### [Work instructions]
From the first line of the records through the line containing "Zvuk hyeny Iveta Greifová II. B", retype every line exactly and nothing else.

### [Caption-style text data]
*****

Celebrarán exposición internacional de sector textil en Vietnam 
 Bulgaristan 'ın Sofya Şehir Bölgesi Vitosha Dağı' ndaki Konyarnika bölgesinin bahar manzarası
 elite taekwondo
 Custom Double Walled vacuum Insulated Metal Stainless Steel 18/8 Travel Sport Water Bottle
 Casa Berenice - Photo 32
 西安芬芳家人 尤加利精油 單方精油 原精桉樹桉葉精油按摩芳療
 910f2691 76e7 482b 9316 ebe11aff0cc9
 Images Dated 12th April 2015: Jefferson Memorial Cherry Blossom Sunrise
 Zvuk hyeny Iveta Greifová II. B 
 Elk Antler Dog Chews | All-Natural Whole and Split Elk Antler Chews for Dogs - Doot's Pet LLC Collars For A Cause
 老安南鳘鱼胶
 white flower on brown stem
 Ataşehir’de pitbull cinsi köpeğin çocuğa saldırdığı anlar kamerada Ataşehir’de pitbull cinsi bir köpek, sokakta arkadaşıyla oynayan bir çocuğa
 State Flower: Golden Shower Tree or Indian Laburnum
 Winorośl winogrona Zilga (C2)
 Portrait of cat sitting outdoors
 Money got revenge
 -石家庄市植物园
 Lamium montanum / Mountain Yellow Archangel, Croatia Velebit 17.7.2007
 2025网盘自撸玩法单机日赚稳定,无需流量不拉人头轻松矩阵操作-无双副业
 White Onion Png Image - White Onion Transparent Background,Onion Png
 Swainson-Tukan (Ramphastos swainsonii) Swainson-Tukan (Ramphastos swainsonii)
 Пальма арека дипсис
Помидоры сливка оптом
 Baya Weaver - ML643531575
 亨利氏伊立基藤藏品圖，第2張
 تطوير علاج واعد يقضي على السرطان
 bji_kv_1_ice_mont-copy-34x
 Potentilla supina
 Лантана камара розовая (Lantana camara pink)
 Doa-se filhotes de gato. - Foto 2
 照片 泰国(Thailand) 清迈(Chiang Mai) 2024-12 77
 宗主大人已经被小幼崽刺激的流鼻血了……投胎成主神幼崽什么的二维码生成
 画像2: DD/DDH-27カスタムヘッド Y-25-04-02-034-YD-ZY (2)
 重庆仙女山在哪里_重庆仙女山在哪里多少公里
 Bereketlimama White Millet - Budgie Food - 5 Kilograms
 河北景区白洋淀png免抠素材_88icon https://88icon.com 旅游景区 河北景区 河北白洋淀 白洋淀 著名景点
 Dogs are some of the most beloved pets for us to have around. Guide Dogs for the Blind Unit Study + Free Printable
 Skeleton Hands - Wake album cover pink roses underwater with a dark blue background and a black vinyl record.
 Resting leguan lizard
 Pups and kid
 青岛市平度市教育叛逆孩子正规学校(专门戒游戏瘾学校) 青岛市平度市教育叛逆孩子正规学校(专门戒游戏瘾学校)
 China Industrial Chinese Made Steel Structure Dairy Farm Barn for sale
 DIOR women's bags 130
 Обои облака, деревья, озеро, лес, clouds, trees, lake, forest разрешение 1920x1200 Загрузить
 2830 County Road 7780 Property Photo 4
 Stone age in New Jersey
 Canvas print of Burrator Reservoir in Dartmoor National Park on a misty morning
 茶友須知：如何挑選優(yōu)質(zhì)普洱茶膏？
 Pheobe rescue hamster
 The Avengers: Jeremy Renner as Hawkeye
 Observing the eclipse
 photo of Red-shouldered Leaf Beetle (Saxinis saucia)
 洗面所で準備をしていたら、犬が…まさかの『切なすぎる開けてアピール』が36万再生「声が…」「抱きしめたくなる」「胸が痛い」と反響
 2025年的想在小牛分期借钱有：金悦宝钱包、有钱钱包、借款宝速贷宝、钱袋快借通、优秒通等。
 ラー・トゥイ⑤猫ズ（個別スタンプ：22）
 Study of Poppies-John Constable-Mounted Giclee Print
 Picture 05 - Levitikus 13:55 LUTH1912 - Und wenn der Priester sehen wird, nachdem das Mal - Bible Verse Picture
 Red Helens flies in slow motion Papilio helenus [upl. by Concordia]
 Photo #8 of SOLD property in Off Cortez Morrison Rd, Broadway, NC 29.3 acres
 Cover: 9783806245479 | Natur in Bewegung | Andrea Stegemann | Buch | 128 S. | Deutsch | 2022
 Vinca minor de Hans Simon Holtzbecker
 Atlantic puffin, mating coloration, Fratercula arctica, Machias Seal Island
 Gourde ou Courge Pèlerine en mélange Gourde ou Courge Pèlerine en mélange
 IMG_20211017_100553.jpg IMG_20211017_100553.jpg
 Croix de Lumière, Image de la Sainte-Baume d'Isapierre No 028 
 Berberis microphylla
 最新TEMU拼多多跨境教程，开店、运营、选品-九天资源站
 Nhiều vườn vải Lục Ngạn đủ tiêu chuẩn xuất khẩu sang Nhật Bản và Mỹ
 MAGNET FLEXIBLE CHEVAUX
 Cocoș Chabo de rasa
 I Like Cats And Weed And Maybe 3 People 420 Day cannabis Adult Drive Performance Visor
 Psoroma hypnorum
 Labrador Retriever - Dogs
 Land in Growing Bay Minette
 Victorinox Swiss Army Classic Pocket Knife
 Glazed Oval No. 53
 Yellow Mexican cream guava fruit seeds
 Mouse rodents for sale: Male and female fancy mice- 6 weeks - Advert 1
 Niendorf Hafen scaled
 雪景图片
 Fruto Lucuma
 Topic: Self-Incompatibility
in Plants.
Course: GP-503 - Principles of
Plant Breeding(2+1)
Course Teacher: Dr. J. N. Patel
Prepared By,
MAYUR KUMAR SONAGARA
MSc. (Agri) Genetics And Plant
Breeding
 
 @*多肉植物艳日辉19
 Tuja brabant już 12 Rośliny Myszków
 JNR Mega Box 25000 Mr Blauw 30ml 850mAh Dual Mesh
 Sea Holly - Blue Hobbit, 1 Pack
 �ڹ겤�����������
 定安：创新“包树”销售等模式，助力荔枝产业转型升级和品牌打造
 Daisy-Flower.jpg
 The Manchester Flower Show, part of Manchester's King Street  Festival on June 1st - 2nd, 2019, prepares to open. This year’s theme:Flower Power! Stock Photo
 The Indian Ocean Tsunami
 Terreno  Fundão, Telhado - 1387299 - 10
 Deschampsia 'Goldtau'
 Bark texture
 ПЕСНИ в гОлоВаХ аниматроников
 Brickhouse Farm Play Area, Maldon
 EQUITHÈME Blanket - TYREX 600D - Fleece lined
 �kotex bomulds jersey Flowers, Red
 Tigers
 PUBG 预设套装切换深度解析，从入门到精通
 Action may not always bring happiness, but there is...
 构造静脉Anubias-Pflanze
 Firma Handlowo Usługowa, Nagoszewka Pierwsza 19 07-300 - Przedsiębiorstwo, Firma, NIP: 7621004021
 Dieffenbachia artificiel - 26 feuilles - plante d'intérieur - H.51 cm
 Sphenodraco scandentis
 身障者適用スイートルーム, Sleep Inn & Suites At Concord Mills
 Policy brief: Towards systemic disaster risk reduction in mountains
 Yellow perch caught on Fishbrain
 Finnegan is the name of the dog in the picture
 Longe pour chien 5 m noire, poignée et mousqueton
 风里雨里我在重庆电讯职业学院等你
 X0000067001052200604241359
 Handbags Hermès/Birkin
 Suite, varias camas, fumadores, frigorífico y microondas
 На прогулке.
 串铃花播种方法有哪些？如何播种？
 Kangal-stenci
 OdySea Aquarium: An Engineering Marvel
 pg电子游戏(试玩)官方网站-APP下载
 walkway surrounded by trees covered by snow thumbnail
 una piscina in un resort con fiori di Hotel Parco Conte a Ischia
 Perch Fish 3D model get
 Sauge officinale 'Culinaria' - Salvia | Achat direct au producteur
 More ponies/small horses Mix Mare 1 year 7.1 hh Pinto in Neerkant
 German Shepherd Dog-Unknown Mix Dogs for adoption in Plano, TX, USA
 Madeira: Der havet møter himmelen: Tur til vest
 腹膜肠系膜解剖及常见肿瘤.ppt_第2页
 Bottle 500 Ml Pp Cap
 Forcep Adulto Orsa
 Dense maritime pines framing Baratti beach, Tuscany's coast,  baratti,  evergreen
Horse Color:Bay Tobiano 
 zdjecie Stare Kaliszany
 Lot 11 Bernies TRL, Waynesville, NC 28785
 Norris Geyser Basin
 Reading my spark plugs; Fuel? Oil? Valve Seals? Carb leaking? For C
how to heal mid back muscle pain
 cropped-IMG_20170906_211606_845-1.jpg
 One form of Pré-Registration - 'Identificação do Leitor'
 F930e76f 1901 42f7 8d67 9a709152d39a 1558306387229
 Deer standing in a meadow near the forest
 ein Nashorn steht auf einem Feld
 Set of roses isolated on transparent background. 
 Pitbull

*****

### [Answer box]
Celebrarán exposición internacional de sector textil en Vietnam 
 Bulgaristan 'ın Sofya Şehir Bölgesi Vitosha Dağı' ndaki Konyarnika bölgesinin bahar manzarası
 elite taekwondo
 Custom Double Walled vacuum Insulated Metal Stainless Steel 18/8 Travel Sport Water Bottle
 Casa Berenice - Photo 32
 西安芬芳家人 尤加利精油 單方精油 原精桉樹桉葉精油按摩芳療
 910f2691 76e7 482b 9316 ebe11aff0cc9
 Images Dated 12th April 2015: Jefferson Memorial Cherry Blossom Sunrise
 Zvuk hyeny Iveta Greifová II. B 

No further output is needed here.